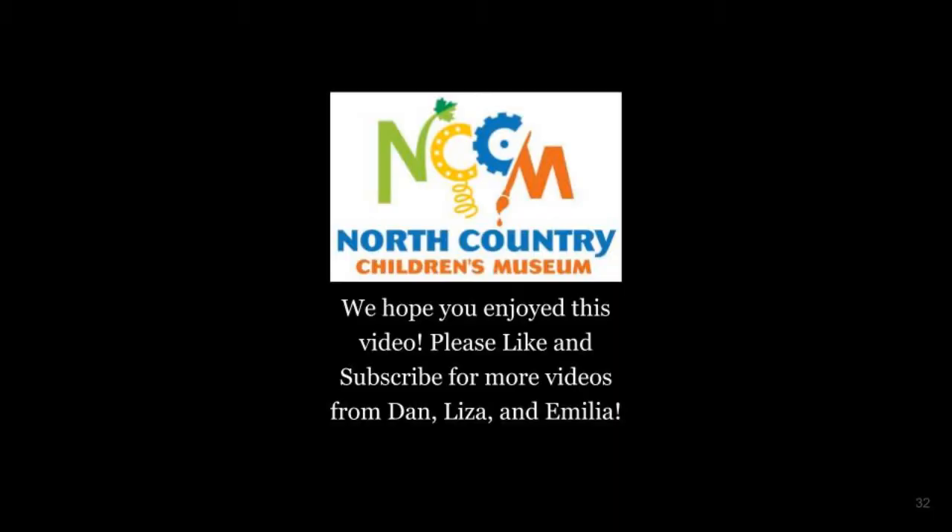We hope you enjoyed this video. Please like and subscribe for more videos from Dan, Liza, and Amelia. Thank you.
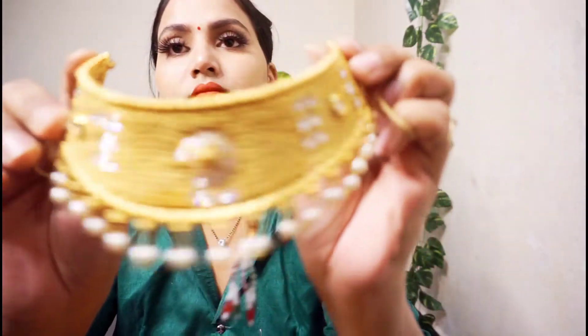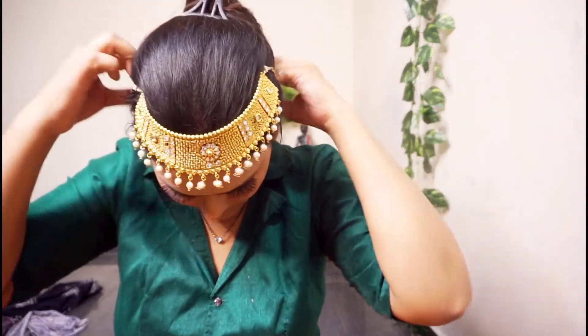Without talking too much, let's start the video. As you can see, jewelleries are also needed. I will tell you all about these jewelry pieces. For a Rajasthani look, they have very heavy jewelry.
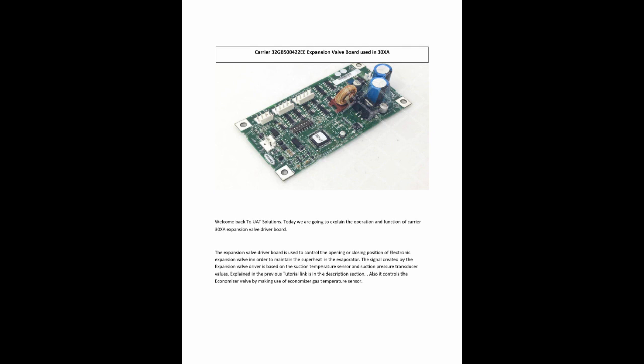The Expansion Valve Driver Board is used to control the opening or closing position of the electronic expansion valve in order to maintain the superheat in the evaporator. The signal created by the Expansion Valve Driver is based on the suction temperature sensor and suction pressure transducer values.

----------------

- **Task**: Would you please write out exactly the lines between the line containing "Without talking too" and the last line of the listing above, inclusive, without pictures?

- **Output of the task**:
Without talking too much, let's start the video. As you can see, jewelleries are also needed. I will tell you all about these jewelry pieces. For a Rajasthani look, they have very heavy jewelry.
The Expansion Valve Driver Board is used to control the opening or closing position of the electronic expansion valve in order to maintain the superheat in the evaporator. The signal created by the Expansion Valve Driver is based on the suction temperature sensor and suction pressure transducer values.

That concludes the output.